2. How much time did it take you? And, more importantly, did you enjoy yourself for that time? How difficult was the product to make? My dinosaurs were actually surprisingly difficult, as are my antlers, and my latest project is driving me up the wall! All of this does affect my prices, and I suggest it affects yours too.

3. This probably won't affect many of us, but did it harm you in some way to make it? Did you strain your back hunched over something teeny tiny for an hour and then remained in discomfort for the remainder of the day/night? Or, do you have a disability that makes it even more difficult to create things? The last really does matter. Even more time and effort went into it.

   I don't give myself a wage. Instead, I take numbers 2 and 3 into account. I don't have a physical disability, but my back aches like mad when I work because everything's so small. And I definitely get frustrated and there are points when I no longer enjoy it, but I want to add it to my shop so badly that I continue because a) it will sell, b) I want that sort of thing in my shop, c) I won't give up on an idea, d) I want to see the outcome, and e) I want to prove to the voice in my head that I can do it every time it made me think I couldn't and it was beyond my capabilities.

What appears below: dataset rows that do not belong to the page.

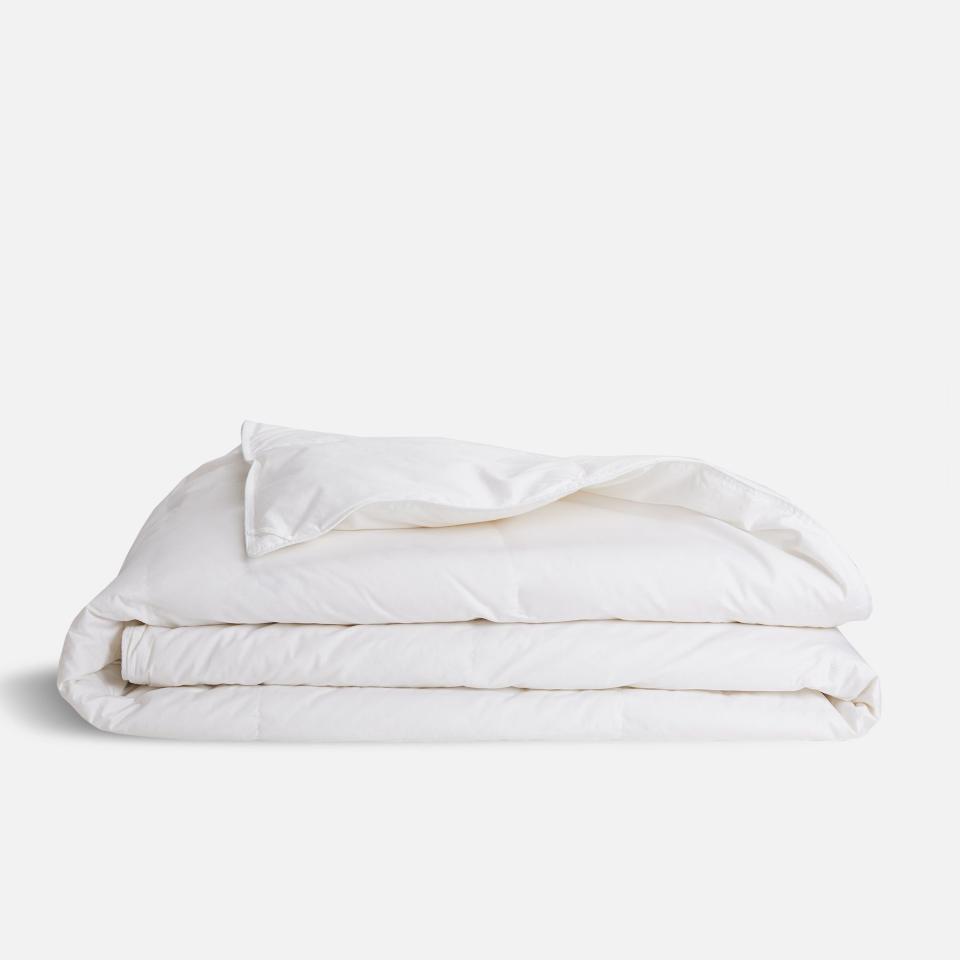 7) Down Alternative Comforter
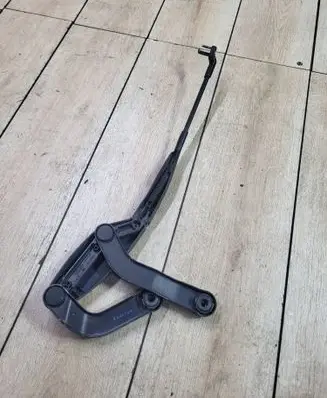 Mercedes-Benz E W211 Front wiper blade arm A2118200444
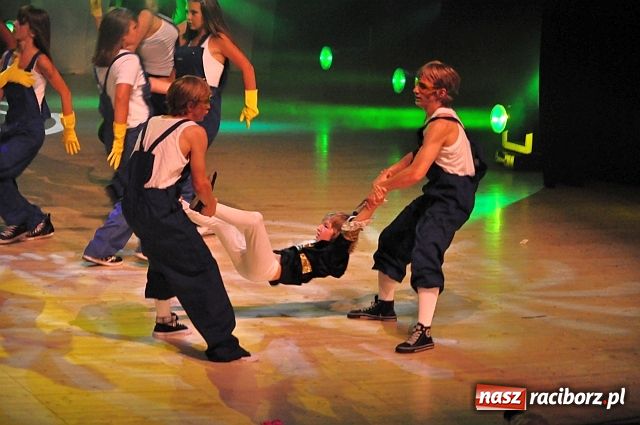 Zdjęcie w galerii na portalu naszraciborz.pl: Profesjonalny show taneczny w RCK wiadomości z regionu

   I'm not telling youyou have to use my method, that's not what I'm saying at all. I'm just trying to give you an idea of what I do, and that you don't have to do as all of these other people tell you to, myself included. I especially suggest you don't follow this next bit unless you're a good judge of people, your own work, and are capable of seeing things from an unbiased view.
   Once I've done all of this, I sit back and look at the product...then throw the paper away. The price is sometimes too steep. I look at the product - the product that I made based on things I like, that I would wear, and would be perfect, ultimately, for me - and know that I wouldn't buy it. Not for that price. Sure someone else might, perhaps, but I wouldn't, and I don't want to dirty myself or my shop with prices that I know deep down I'd never look twice at.
   I do keep in mind the 3 points that I made, but I can't say that I stick solidly to them. The number is often an ugly one. With 5s or 9s - they're ugly numbers. I like soft numbers in nice colours - a pastel pink 6, a crisp white 1, a nice red 2. That does not mean to say that if you run to my shop now you won't see a 5 or a 9 - you will. They're rare though. You're more likely to see fluffy or confident numbers.
   I'm comfortable selling at these prices. I cover the cost of my materials, but when it comes to making it, I love doing it. It's so much fun. Any money I get I turn around and spend it on more supplies, profit and all, because I love it. Only rarely do I use the money on anything else. Lucky needs a new hammock because she occasionally chews through them (and she and sugar loved them so much that when sugar passed we wrapped her in the nicest and buried her in the garden), and I want to be able to go out on my 21st birthday so I need to save a little more.
   So I buy more materials with almost every penny, and perhaps the odd chocolate bar might find its way mysteriously out of my purse, but I do it because I love to make this stuff. It isn't a chore to me. And I figure that if I'm not making any jewellery, what else am I gonna do? Sit on the computer playing solitaire, watch Scrubs, or watch my boyfriend play on the xbox (though admittedly since Skyrim just came out it's definitely a lot more entertaining ♥).

   I'm not saying you should follow this method. The point of this entire post was to just suggest to you all that you don't have to follow these guidelines - that's all they are! They're truly a great place to start, but you don't have to stick to them. Do what you feel is right, with your shop and your products. That's what I'm doing, and I'm happy with it. Just keep that in mind and you might do better - and if you don't, go back to your tried and true method!